Single by Alfons
- Released: February 11, 2015
- Recorded: 2014
- Length: 3:07
- Songwriter: Vahid Arse

Alfons singles chronology
|  | "Ganjaman 2015" (2015) | "Ablaze 2015" (2015) |

Music video
- "Ganjaman 2015" on YouTube

Music video
- "Ganjaman AlphaNerd Remix" on YouTube

= Ganjaman 2015 =

"Ganjaman 2015" is a song by Swedish DJ and producer Alfons. The song was made for the russ from Røyken in 2015. The song was first released on YouTube on October 10, 2014, before being released as a single on February 11, 2015. The song became a big hit in Sweden, peaking at number 2 on the Sverigetopplistan, the official Swedish singles chart. It also charted on the top 10 on the Danish and Finnish singles charts, as well as peaking at number 1 on Poland's Airplay New chart.

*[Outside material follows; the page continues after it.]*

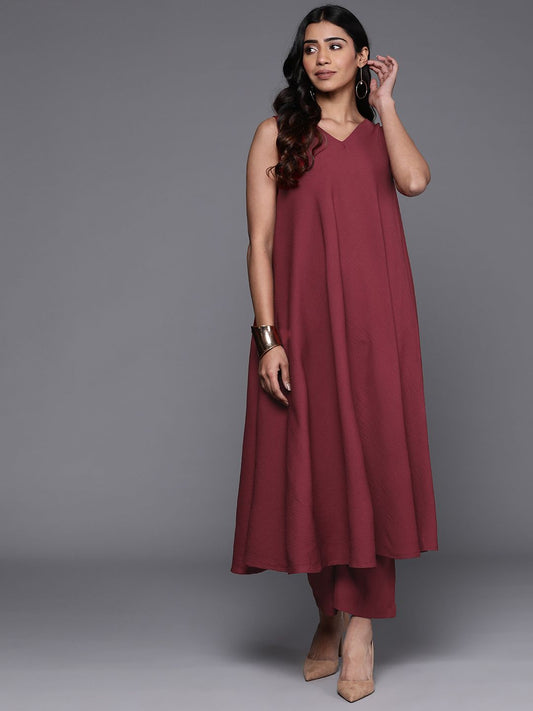 Dhiyona VA Women'sPleated Silk Crepe Kurta with Trousers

The song's lyrics are about the "Ganjaman", a man dealing in ganja and cannabis paraphernalia, who is also described as "the biggest man" from Ace of Base and from Azkaban, a fictitious prison location in Harry Potter. The song's lyrics also contains references to London and Jamaica.

==Background==
The song was originally made for the russ of a secondary school in Røyken, Norway.

==Music videos==
Two music videos were released for the song. The first video, released on YouTube on October 10, 2014, showcases a still image of the titular Ganjaman character in a jungle setting, with a 3D animated monkey and a clip of Snoop Dogg from the "Drop It Like It's Hot" music video dancing next to him. The video has over 117 million views as of March 2021.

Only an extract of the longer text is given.